Уж если королевства — так три пряничных державы, и правящие династии давным-давно породнились между собой. Уж если море — то бескрайнее, со страшными подводными чудищами. Если небо — то бездонное, с облаками, пушистыми птицами и разветвленными молниями. И волшебное зеркало. И загадочные пророчества. И пыхтящие бойцовые ежи вкупе с геральдическими кошками.

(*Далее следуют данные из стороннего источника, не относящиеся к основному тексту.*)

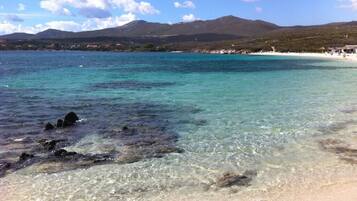On the beach, sun loungers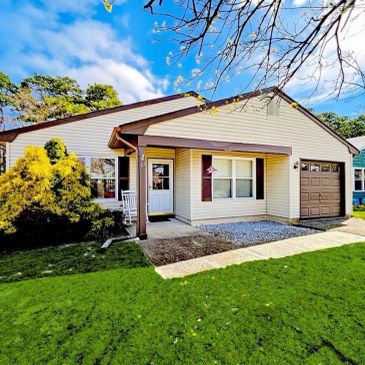 Single-story suburban house with a garage and green lawn.
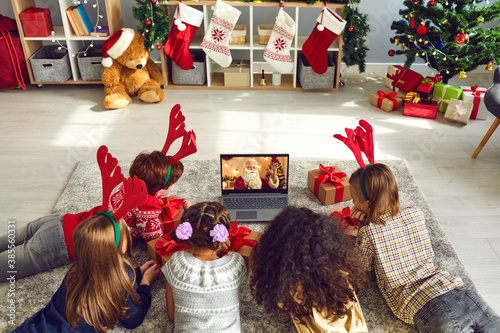 A group of children lying on the floor watching a video chat with Santa using a laptop in a decorated room during Christmas and New Years.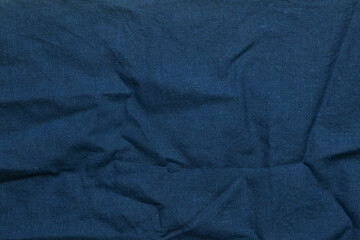 Abstract pattern and texture background of a worn, wrinkled, and creased dark blue handkerchief. For graphic design, 3D rendering and banners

Это сказка. А страна Фантазия, как все мы знаем из «Бесконечной истории», — безгранична. И главное: прежде чем стать умной, глубокой, захватывающей, сказка должна быть вкусной. Чего-чего, а этого у «Ритуала» не отнять. Многие и многие детали симпатичны сами по себе и только во вторую очередь служат ходу повествования: огромный стеклянный оргАн, заклинание-отмычка «хорра-харр» — «рраха-ррох», гнезда калидонов… Здесь еще нет четкой строгости «Ведьминого века» и «Пещеры», каждая деталь которых, как в детективе, может оказаться ключевой. Это и не нарочитая аморфность «Армагед-дома», который следует изгибам человеческой жизни. Это — просто удовольствие для авторов и читателей.

Толкин говорил, что любая сказка, подобно картине, должна быть заключена в свою рамку, между «Давным-давно» и «Жили они долго и счастливо». Есть такая рамка и у «Ритуала»: бездонное прошлое, из которого вышло двести поколений драконов и — безмятежное будущее?

Согласно Станиславу Лему (чье определение процитировал Анджей Сапковский), фэнтези — это сказка, лишенная оптимизма детерминированной судьбы, это рассказ, в котором детерминизм судьбы подточен стохастикой случайности. Другими словами, это сказка, в которой может и не быть счастливого конца. Сказка — добавлю я, — познавшая опыт трагедии.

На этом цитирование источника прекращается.